[DATA FOR THIS EXERCISE — start]
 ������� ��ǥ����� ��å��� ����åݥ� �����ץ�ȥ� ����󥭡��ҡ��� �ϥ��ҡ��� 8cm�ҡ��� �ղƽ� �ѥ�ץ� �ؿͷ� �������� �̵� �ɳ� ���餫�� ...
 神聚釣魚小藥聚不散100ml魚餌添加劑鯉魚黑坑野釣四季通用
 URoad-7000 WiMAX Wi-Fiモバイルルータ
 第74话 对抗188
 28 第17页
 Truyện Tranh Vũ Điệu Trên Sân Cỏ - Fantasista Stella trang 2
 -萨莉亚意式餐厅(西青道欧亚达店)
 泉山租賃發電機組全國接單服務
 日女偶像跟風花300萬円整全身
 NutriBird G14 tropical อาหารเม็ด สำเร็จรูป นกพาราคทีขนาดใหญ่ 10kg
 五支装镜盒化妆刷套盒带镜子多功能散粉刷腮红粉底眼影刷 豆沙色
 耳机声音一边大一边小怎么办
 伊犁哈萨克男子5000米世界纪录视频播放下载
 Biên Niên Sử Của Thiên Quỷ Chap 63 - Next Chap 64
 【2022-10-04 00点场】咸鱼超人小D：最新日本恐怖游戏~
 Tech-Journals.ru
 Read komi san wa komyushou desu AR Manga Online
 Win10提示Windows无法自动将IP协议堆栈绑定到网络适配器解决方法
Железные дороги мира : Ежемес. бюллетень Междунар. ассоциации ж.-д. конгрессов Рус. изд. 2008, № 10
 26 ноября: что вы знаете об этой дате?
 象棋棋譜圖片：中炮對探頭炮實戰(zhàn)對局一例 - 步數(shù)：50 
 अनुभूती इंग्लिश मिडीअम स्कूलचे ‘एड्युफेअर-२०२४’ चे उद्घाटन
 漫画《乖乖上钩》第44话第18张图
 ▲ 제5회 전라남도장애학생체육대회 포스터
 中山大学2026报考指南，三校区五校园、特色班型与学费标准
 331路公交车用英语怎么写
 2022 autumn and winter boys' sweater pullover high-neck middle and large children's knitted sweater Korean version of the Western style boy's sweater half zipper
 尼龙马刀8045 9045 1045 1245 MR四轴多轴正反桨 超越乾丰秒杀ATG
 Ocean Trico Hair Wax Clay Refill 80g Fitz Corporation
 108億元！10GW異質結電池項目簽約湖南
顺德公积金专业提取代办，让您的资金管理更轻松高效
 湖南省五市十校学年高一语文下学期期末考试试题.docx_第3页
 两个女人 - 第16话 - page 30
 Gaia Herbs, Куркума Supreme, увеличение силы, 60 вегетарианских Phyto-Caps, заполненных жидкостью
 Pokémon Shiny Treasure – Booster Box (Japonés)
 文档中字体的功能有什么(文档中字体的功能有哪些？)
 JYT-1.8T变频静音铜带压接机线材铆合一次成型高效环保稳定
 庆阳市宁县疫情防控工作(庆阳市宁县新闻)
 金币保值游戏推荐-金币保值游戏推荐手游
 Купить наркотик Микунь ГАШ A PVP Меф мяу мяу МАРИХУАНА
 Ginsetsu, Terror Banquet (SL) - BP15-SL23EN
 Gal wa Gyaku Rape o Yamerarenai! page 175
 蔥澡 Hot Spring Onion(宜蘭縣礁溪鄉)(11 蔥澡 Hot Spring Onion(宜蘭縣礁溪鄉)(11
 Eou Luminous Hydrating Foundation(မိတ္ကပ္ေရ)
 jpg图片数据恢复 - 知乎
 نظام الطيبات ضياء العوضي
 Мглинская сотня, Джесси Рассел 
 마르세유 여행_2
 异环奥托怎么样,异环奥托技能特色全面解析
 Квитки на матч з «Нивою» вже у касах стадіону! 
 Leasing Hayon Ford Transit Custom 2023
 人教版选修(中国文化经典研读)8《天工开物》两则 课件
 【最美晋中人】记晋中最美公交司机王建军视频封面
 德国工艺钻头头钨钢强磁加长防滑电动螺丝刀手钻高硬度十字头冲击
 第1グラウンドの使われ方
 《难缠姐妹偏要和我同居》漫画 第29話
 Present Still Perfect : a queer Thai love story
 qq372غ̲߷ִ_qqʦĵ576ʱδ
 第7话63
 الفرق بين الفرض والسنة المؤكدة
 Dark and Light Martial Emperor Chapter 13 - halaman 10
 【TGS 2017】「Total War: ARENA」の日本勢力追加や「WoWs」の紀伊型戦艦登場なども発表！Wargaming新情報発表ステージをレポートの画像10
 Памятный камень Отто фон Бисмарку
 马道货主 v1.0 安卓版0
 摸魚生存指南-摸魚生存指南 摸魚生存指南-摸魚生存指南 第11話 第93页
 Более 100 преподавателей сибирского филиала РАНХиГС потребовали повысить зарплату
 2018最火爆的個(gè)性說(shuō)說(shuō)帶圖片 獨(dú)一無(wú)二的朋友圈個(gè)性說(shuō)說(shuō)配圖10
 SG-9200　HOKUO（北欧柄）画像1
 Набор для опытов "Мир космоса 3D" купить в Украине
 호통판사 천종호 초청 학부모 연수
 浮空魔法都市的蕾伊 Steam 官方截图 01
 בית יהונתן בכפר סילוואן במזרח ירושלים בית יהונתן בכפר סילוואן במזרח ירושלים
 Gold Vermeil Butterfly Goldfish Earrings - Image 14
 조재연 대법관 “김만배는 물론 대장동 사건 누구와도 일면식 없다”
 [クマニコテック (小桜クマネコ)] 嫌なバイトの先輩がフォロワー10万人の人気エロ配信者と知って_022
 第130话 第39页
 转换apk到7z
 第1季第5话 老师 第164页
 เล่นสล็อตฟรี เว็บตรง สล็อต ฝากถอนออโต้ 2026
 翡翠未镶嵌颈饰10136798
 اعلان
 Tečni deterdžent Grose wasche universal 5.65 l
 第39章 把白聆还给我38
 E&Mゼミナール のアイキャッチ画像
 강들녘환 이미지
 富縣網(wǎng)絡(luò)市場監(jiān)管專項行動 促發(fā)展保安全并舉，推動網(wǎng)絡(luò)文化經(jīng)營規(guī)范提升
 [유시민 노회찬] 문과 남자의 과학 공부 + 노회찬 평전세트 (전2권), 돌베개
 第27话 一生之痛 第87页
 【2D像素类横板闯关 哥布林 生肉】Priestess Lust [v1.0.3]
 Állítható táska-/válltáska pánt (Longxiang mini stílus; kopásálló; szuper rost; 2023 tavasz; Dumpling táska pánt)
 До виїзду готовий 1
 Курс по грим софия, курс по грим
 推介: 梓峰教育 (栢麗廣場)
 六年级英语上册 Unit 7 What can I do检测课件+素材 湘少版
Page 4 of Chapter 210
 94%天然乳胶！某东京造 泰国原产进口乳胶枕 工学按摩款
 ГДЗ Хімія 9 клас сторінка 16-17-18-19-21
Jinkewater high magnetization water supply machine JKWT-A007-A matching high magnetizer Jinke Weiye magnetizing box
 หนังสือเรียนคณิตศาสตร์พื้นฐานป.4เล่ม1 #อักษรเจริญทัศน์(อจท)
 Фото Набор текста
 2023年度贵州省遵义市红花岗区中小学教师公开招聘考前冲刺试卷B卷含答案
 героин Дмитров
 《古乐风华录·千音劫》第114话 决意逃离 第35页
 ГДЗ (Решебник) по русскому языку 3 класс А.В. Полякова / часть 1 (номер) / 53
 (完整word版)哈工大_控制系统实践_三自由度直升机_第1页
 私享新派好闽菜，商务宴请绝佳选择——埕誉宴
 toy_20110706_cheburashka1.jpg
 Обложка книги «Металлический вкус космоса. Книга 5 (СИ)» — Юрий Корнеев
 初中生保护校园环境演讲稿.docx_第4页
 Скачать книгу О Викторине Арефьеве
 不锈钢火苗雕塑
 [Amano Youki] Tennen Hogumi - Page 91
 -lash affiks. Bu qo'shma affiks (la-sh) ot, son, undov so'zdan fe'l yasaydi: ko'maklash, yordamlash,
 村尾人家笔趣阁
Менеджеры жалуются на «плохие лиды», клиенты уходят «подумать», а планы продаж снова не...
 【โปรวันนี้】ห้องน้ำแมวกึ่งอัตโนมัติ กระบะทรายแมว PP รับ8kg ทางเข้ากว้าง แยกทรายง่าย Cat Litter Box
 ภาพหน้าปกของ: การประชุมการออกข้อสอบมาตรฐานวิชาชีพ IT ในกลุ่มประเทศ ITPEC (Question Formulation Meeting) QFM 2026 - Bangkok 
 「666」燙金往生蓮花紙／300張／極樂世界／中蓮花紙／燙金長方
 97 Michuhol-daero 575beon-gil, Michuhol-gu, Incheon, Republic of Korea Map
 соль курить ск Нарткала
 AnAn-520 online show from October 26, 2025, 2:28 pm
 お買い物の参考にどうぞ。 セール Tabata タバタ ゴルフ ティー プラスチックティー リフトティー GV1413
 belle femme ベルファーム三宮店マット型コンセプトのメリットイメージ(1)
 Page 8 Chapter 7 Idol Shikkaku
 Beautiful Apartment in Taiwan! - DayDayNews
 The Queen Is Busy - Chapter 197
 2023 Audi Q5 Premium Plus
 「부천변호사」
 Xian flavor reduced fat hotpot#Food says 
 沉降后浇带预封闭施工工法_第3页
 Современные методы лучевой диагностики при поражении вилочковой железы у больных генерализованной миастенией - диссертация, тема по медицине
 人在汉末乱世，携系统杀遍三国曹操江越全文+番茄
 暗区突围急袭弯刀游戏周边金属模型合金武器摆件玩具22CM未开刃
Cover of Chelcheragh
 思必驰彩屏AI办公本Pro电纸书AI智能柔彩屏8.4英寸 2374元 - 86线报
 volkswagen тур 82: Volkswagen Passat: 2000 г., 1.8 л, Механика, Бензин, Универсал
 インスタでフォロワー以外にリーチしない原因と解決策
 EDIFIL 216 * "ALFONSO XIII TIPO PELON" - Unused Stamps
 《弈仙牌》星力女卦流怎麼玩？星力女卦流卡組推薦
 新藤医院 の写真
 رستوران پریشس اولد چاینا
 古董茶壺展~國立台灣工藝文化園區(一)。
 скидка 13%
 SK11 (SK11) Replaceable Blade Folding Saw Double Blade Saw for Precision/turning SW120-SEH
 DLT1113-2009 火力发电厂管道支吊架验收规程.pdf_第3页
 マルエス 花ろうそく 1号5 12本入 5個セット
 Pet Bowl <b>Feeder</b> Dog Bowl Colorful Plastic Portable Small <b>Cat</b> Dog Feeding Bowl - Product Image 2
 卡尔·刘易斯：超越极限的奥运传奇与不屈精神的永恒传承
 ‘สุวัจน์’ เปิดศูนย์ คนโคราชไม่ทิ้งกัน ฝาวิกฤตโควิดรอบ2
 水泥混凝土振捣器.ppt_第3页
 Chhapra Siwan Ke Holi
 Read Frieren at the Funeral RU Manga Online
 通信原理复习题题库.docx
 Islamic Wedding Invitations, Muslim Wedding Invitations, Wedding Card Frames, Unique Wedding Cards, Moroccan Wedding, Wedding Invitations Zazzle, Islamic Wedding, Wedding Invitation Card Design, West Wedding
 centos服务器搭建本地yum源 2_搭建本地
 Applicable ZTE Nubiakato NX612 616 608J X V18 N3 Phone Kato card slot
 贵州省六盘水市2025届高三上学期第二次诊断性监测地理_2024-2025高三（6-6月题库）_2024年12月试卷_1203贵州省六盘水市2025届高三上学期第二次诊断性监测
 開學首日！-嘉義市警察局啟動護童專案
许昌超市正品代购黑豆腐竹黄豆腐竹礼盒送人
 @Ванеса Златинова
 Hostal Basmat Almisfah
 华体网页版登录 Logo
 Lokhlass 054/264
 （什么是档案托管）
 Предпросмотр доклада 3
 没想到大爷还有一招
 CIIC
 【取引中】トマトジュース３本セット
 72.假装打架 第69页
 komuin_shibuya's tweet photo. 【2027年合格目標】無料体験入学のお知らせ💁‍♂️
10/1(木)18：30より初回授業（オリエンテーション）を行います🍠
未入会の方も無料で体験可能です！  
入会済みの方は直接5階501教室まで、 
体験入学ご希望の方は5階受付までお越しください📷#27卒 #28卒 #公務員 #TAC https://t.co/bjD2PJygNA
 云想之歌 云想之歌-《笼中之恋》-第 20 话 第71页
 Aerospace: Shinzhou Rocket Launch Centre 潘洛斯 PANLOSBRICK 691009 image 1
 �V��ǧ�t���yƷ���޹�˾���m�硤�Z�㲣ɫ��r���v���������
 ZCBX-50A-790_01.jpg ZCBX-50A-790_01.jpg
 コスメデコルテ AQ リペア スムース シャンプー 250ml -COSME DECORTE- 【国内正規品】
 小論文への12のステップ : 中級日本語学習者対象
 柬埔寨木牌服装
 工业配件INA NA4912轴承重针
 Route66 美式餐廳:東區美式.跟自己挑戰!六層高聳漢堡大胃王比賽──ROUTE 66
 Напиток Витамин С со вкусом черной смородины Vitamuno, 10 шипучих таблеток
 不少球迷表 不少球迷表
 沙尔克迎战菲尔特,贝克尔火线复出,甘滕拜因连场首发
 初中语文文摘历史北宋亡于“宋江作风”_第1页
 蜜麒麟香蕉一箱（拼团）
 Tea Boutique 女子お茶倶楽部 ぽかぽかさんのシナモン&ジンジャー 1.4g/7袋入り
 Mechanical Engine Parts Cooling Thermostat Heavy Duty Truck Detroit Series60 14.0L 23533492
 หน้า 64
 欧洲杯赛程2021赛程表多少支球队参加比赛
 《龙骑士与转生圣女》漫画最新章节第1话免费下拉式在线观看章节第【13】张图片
[DATA FOR THIS EXERCISE — finish]
**TASK DESCRIPTION**
Search the entries for "космоса" and copy each matching line.

**TASK SOLUTION**
 Набор для опытов "Мир космоса 3D" купить в Украине
 Обложка книги «Металлический вкус космоса. Книга 5 (СИ)» — Юрий Корнеев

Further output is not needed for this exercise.